In vivo epithelial wound repair requires mobilization of endogenous intracellular and extracellular calcium.

Abstract We report that a localized intracellular and extracellular Ca2+ mobilization occurs at the site of microscopic epithelial damage in vivo and is required to mediate tissue repair. Intravital confocal/two-photon microscopy continuously imaged the surgically exposed stomach mucosa of anesthetized mice while photodamage of gastric epithelial surface cells created a microscopic lesion that healed within 15 min. Transgenic mice with an intracellular Ca2+-sensitive protein (yellow cameleon 3.0) report that intracellular Ca2+ selectively increases in restituting gastric epithelial cells adjacent to the damaged cells. Pretreatment with U-73122, indomethacin, 2-aminoethoxydiphenylborane, or verapamil inhibits repair of the damage and also inhibits the intracellular Ca2+ increase.
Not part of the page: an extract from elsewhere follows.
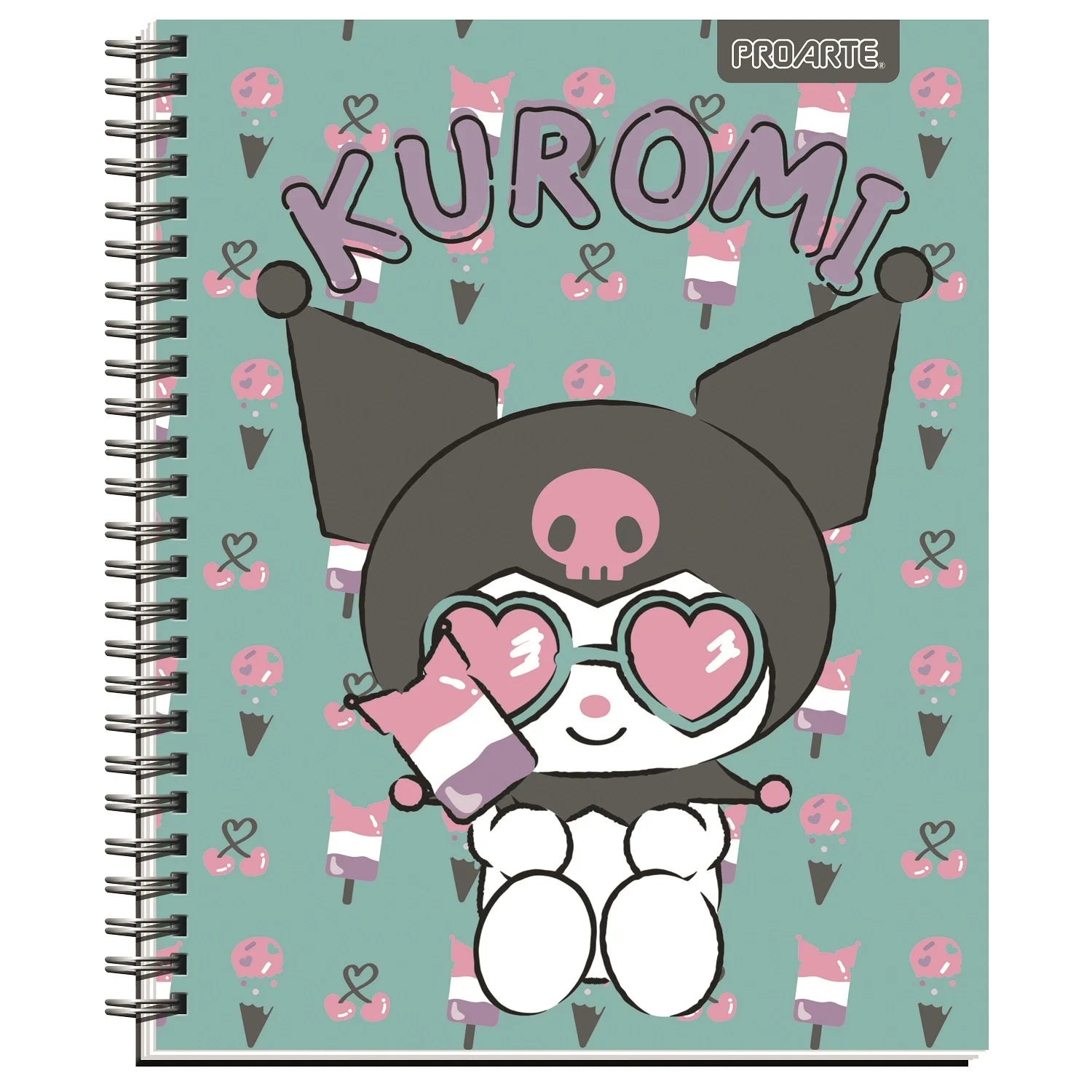 cuaderno proarte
Confocal imaging of Fura-Red dye in luminal superfusate shows a localized extracellular Ca2+ increase at the gastric surface adjacent to the damage that temporally follows intracellular Ca2+ mobilization. Indomethacin and verapamil also inhibit the luminal Ca2+ increase. Intracellular Ca2+ chelation (1,2-bis(o-aminophenoxy)ethane-N,N,N′,N′-tetraacetic acid/acetoxymethyl ester, BAPTA/AM) fully inhibits intracellular and luminal Ca2+ increases, whereas luminal calcium chelation (N-(2-hydroxyetheyl)-ethylendiamin-N,N,N′-triacetic acid trisodium, HEDTA) blocks the increase of luminal Ca2+ and unevenly inhibits late-phase intracellular Ca2+ mobilization. Both modes of Ca2+ chelation slow gastric repair. In plasma membrane Ca-ATPase 1+/− mice, but not plasma membrane Ca-ATPase 4−/− mice, there is slowed epithelial repair and a diminished gastric surface Ca2+ increase. We conclude that endogenous Ca2+, mobilized by signaling pathways and transmembrane Ca2+ transport, causes increased Ca2+ levels at the epithelial damage site that are essential to gastric epithelial cell restitution in vivo.